Le groupe qui prend le contrôle de la politique écologique du gouvernement s’est refusé à délivrer à ses ouvriers les attestations d’exposition aux produits toxiques.

Celle qui était jusqu’à aujourd’hui directrice des affaires publiques du groupe Danone, Emmanuelle Wargon a fait son entrée au gouvernement, en tant que secrétaire d’État à la Transition écologique et solidaire. Cette nouvelle venue de la Macronie dispose déjà d’un solide bagage dans la haute administration. Ancienne élève de l’ENA, diplômée de HEC et de l’IEP de Paris, a débuté en 1997 à la Cour des comptes. En 2001, elle a rejoint, en tant que conseillère technique, le cabinet de Bernard Kouchner, alors ministre de la Santé. En 2002, elle a été nommée directrice générale adjointe de l’Agence française de sécurité sanitaire des produits de santé (Afssaps). En 2006, elle est devenue directrice déléguée à la coordination et au contrôle interne de l’Assistance publique-Hôpitaux de Paris (AP-HP) avant de diriger, en 2007, le cabinet de Martin Hirsch, directeur du Haut-Commissariat aux solidarités actives contre la pauvreté. En 2010, elle a assuré le secrétariat général des ministères sociaux. Depuis 2012, elle était déléguée générale à l’emploi et à la formation professionnelle au ministère du Travail. Avant de devenir directrice générale des affaires publiques et de la communication de Danone en septembre 2015.

Dessin publié dans l’Humanité du 19/10/18

Avec cette nomination, « La question, aujourd’hui, est de savoir si le ministère de l’Écologie reste le ministère de l’Écologie ou si c’est devenu une succursale du CAC40 qui représente les intérêts des grandes entreprises au sein du gouvernement français », s’interroge Maxime Combes, de l’association Attac. « Il y a quelque chose d’inconcevable à ce que le jour d’avant on soit chargé de la pollution et de la mise sur le marché des matières plastiques et le surlendemain changer à 180 degrés de politique et défendre la réduction des emballages plastiques », poursuit Stephen Kerckhove, de l’ONG Agir pour l’environnement, qui rappelle que Danone vend aussi des bouteilles en plastique Evian, Badoit ou encore Volvic. La nouvelle secrétaire d’État a aussi été critiquée pour avoir défendu l’huile de palme, critiquée pour son lourd impact sur la déforestation, dans la fabrication du lait pour bébés. Le parcours type du lobbyiste venu là pour faire prévaloir les intérêts des entreprises du CAC40, à commencer par ceux de Danone.
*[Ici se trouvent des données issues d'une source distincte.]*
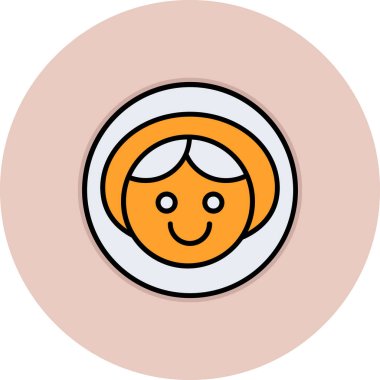 İnsan simgesinin vektör illüstrasyonu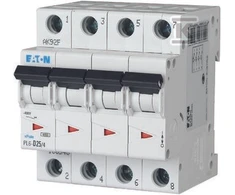Eaton Grandinės pertraukiklis 4P C 25A 6kA AC PL6-C25/4 166523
A l’écologie, surtout, Danone en a bien besoin lorsqu’on observe l’état des terrains et des hommes laissés à Givors lors de la cession de la verrerie par le groupe ! Un sol pollué aux hydrocarbures totaux (HCT) et hydrocarbures aromatiques polycycliques (HAP), aux métaux lourds et plus particulièrement en arsenic. Les analyses d’eaux souterraines avaient également confirmé la présence de ces substances à des teneurs variables selon les emplacements de prélèvements, et avaient montré la présence ponctuelle et à des teneurs assez faibles de composés organiques volatils tels que des BTEX et des COHV (selon Basol). Un état des sols qui ont nécessité pas moins de 430 000 euros de désamiantage. La requalification du site aura coûté quatre millions d’euros payés, par les contribuables (Epora). Quand aux hommes, exposés à l’amiante, à la silice, à l’arsenic, aux hydrocarbures et leurs dérivés et autres produits cancérigènes, ils ne cessent de se battre pour voir reconnue l’origine professionnelle de leurs maladies. Le groupe Danone, qui prend le contrôle de la politique écologique du gouvernement Macron-Philippe s’est refusé à délivrer à ses ouvriers les attestations d’exposition aux produits toxiques en violation du Code du travail, privant ainsi les salariés du droit à un suivi médical post-professionnel prévu par le Code de la Sécurité sociale. On ne peut s’attendre à d’agréables surprises sociales avec de tels ministres.